- Jun
- 14
- 2009
blog post: selling out vs. sustainability
12:37PM by Brandon McCormick | Cetagories: Blogs and Thoughts
At the halfway point of the year, there have been some new thoughts that have been rolling around in my mind.
This year for Whitestone is the year of sustainability, in the most simple of words, the year we learn to make money.
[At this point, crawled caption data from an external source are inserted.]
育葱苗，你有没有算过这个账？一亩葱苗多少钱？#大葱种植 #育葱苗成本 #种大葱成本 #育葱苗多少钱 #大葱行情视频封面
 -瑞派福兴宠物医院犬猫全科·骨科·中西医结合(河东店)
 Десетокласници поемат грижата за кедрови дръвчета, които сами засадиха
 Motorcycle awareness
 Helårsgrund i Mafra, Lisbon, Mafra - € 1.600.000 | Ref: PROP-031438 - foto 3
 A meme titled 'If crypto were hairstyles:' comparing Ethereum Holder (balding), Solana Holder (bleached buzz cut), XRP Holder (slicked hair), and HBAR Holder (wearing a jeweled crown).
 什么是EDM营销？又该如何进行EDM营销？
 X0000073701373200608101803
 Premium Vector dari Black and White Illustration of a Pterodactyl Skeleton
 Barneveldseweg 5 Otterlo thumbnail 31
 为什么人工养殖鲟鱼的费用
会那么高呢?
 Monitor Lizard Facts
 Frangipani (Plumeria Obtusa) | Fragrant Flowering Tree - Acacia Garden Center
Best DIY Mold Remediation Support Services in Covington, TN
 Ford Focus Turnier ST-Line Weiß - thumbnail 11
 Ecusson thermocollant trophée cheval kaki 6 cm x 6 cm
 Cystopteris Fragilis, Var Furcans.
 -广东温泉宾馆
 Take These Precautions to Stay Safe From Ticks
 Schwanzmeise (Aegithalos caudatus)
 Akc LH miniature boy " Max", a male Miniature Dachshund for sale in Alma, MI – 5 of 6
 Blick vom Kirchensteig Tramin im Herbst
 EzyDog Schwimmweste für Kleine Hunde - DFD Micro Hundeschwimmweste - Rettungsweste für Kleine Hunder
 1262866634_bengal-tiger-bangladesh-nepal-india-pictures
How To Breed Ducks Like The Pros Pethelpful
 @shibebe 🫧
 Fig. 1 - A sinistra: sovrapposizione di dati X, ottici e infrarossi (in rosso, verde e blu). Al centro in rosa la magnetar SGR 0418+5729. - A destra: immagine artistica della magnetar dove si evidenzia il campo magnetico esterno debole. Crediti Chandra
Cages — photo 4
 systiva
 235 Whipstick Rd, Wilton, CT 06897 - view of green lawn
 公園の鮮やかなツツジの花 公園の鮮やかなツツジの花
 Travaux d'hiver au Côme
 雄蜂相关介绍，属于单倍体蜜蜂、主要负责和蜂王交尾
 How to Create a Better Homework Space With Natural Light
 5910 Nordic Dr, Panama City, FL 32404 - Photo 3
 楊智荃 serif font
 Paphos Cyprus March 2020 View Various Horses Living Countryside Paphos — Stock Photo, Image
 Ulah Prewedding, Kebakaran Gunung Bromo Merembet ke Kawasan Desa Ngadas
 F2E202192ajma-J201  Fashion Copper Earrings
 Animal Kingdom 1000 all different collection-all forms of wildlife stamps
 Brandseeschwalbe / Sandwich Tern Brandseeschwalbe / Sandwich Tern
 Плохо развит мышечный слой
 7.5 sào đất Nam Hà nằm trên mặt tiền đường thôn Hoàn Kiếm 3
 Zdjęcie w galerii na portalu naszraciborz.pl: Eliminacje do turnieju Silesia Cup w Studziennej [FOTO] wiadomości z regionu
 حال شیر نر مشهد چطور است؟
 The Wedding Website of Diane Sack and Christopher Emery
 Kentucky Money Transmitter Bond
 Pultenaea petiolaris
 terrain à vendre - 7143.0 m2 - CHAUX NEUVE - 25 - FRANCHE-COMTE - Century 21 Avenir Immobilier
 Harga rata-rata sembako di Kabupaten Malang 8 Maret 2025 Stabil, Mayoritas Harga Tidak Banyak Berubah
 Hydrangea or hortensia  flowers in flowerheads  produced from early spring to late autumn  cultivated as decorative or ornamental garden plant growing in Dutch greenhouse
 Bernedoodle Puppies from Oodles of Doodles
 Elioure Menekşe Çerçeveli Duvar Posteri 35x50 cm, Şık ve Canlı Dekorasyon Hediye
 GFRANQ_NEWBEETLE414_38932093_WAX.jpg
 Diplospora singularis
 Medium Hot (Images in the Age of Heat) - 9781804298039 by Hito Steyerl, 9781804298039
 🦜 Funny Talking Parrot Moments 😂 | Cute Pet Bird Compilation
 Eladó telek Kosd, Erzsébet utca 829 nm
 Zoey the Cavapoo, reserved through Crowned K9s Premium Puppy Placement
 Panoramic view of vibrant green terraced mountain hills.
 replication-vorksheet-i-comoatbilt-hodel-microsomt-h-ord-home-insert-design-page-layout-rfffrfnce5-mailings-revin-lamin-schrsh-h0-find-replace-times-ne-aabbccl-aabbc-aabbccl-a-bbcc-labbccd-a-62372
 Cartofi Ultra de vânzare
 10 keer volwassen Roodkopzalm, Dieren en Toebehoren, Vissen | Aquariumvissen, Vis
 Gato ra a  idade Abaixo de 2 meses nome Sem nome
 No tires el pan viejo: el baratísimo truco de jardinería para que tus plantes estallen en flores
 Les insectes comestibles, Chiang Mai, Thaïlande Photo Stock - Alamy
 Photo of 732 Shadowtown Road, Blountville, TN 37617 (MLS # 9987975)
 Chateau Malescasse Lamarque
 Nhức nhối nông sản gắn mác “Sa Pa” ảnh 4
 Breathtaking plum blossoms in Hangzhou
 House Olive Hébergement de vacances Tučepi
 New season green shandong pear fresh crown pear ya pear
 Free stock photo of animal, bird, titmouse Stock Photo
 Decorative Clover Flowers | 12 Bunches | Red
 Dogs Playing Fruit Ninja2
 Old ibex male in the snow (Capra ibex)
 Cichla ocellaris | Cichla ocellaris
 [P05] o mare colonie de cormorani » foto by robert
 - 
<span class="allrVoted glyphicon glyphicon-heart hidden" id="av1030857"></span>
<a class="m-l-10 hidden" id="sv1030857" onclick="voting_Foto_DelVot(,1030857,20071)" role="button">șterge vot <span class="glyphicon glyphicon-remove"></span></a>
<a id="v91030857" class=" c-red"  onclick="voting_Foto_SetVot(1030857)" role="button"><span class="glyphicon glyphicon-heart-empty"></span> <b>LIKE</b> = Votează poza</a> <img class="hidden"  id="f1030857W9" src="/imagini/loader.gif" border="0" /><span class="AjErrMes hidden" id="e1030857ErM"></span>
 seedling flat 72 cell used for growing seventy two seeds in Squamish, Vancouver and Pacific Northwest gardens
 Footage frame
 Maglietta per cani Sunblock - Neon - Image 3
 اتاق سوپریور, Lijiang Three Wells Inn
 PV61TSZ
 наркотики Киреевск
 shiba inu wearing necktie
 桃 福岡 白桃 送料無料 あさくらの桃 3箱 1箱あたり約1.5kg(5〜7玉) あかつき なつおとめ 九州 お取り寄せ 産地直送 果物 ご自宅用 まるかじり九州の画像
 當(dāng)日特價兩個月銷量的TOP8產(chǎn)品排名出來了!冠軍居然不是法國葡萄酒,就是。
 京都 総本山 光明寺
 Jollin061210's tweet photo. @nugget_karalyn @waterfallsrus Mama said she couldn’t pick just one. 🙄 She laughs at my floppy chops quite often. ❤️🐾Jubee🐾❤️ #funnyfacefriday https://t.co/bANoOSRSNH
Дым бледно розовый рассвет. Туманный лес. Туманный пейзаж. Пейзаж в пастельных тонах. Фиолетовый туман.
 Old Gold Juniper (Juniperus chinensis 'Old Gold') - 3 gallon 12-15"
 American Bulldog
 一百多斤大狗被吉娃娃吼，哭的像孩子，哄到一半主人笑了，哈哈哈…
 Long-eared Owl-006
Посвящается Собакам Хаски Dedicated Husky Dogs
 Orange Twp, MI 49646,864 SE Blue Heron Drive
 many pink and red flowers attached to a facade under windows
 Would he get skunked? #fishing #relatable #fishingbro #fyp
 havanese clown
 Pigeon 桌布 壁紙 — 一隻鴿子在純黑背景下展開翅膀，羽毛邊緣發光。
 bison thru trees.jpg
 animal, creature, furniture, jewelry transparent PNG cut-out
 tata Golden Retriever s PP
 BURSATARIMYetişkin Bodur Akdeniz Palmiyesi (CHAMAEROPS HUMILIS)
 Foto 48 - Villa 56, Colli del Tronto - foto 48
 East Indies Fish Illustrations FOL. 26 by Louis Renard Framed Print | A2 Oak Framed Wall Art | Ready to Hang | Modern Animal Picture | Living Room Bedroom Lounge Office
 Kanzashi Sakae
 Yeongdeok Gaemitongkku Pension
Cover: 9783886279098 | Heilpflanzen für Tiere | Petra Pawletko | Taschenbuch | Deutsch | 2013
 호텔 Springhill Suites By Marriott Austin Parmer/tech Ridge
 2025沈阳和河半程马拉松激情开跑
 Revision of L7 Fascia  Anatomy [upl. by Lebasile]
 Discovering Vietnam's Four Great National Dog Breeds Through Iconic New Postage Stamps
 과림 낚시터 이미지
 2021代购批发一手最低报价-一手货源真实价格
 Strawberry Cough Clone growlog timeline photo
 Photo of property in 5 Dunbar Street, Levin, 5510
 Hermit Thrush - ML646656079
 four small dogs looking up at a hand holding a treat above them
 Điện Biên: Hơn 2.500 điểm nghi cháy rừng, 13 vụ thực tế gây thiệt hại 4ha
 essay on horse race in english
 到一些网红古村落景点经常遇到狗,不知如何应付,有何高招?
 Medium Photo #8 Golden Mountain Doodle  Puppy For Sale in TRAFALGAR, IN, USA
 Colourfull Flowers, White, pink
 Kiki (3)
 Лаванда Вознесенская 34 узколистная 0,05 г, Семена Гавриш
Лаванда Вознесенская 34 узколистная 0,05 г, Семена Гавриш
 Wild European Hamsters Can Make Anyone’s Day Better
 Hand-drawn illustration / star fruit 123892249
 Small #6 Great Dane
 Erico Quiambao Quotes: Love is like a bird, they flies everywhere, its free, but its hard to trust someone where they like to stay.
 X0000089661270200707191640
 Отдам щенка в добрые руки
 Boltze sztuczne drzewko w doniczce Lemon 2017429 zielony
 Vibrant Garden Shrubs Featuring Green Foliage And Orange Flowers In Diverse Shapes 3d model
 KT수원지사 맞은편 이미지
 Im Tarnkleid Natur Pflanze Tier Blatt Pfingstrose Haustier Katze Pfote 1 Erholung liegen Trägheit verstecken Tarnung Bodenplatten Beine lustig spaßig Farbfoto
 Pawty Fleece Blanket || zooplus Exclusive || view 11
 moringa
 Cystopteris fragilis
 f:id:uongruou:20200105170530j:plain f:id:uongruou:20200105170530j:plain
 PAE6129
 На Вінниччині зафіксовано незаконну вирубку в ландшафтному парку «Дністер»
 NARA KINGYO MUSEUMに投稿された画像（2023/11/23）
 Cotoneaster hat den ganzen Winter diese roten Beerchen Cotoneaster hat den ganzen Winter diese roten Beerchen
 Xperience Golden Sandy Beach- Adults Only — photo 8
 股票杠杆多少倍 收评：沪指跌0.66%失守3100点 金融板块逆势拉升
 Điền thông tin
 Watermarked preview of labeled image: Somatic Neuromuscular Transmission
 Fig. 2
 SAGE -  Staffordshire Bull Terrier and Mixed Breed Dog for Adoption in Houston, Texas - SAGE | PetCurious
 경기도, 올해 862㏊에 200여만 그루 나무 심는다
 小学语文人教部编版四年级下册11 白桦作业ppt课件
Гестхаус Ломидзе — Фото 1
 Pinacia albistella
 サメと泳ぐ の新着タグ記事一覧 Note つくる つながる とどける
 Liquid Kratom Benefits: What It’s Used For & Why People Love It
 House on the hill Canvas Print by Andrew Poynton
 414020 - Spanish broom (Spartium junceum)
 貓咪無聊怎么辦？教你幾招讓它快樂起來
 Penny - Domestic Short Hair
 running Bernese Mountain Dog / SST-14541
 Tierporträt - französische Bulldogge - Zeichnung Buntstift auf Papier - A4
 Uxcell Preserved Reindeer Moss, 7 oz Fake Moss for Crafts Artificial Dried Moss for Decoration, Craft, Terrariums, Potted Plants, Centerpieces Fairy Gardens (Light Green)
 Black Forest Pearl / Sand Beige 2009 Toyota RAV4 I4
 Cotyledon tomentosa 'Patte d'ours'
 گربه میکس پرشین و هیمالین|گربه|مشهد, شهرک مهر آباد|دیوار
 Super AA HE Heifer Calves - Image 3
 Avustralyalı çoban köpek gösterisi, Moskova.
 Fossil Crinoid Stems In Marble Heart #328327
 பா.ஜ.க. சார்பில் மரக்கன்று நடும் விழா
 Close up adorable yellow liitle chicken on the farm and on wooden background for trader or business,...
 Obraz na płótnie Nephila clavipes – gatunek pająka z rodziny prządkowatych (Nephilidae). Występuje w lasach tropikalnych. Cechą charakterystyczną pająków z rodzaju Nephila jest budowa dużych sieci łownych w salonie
As an independent filmmaker, just the thought of making art for money is enough to make my skin crawl. This idea has become a taboo path in the indie world, associated with the selling of your soul. However the other picture in my mind does nothing for me either. The struggling artist who can’t take care of himself or a family because he is ‘misunderstood’ by the world and can’t find a way to monetize his art. As one of my creative mentors said to me, this route ends with the artist high in the mountains, alone and with a bullet between his eyes.
I want nothing to do with either picture.
My first step is to create a distinction between what I want to do, and what I don’t want. Here is what I’ve come up with so far.
Selling out is doing something you don’t want to or believe in for money. It’s also another way prostitutes are described.
Sustainability is doing something you love and believe in, but getting someone to pay you to do it.
It’s a subtle difference on paper, but of profound difference in real life.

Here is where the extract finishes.